| HN Mirror

Y	Hacker News new \| ask \| show \| jobs

by Avernar 3212 days ago

> I definitely need indexes

No you don't. You need iterators, which behave like pointers. Let's say you're hundreds or thousands of characters into a string at the start of some token. Now you want to scan from that position to the end of the token.

With indexes it works fast only if it's by codepoint. in a language that properly supports graphemes this would mean it would have to scan from the beginning to get to that index.

With iterators it can start scanning from that position directly. Same speed no matter where you are in the string. With indexes the larger your input the slower your parse gets, and not in a linear way.

It's also super easy to get a slice using a start and end iterator. As for line x character y messages, you can't get that directly from an index as it depends on how many new lines you parsed so indexing doesn't help there.

1 comments

jstimpfle 3212 days ago

Well, I could roll my own iterator which encapsulates a string and some position information, but then I'd have to wrap a lot of different operations, like advance, advance by n, compare two iterators by position, test for end position, extract character, extract slice, etc.

And the code would get a lot noiser, while the only advantage I see is graphemes support, which I have never needed so far. (And I hope graphemes are actually designed with a similar sensibility for technical concerns as is UTF-8, where I can simply parse with indexes at the byte level, looking only for ASCII characters, without headaches and with maximum performance.)

As for getting line/character from a byte or codepoint offset, that's no problem if I do the calculation only in case of an error.
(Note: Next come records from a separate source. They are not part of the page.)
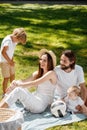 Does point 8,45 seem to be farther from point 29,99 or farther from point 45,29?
point 45,29

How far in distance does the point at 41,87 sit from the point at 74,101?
557mm

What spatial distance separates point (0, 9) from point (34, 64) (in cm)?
826

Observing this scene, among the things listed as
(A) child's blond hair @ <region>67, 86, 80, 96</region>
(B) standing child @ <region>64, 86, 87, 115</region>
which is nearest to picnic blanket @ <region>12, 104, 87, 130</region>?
(B) standing child @ <region>64, 86, 87, 115</region>

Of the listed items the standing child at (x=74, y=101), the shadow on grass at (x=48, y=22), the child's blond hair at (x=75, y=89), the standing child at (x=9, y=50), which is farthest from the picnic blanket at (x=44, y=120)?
the shadow on grass at (x=48, y=22)

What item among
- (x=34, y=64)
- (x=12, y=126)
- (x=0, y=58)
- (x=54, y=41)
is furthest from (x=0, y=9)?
(x=12, y=126)

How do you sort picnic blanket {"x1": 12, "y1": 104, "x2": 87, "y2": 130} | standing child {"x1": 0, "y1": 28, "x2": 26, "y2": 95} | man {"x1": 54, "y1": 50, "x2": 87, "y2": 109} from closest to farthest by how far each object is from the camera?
picnic blanket {"x1": 12, "y1": 104, "x2": 87, "y2": 130}, man {"x1": 54, "y1": 50, "x2": 87, "y2": 109}, standing child {"x1": 0, "y1": 28, "x2": 26, "y2": 95}

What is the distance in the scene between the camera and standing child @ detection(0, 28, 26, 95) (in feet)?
23.7

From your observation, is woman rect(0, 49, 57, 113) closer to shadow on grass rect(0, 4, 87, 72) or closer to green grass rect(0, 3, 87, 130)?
green grass rect(0, 3, 87, 130)

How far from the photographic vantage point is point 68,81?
6.72 m

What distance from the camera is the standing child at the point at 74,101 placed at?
21.2ft

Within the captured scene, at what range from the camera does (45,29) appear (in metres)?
13.1

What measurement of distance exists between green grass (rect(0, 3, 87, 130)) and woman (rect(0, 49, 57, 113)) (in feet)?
1.71

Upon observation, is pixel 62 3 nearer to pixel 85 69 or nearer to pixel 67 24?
pixel 67 24

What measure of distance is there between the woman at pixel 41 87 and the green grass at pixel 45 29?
1.71ft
The alternative would be to do it on each advance, which again means ADT wrapping, thus line noise and slower performance.

Avernar 3210 days ago

I'm not advocating that the programmer needs to implement the iterators but that the language/runtime have built in support for them.

As for searching for ASCII, which is prevalent in parsing, the iterator function to find the next specified character can do a low level and fast byte search. That's one of the benefits of UTF-8, searching for ASCII characters is super fast.

You wouldn't have to do the character position on each advance. Just have a beginning of line iterator that's updated every time you see a newline character and on error you do call a function that gives you how many characters between the current position iterator and the start of line iterator.

Working with iterators is no more coplex than working with indexes. But it's the language that needs to provide them.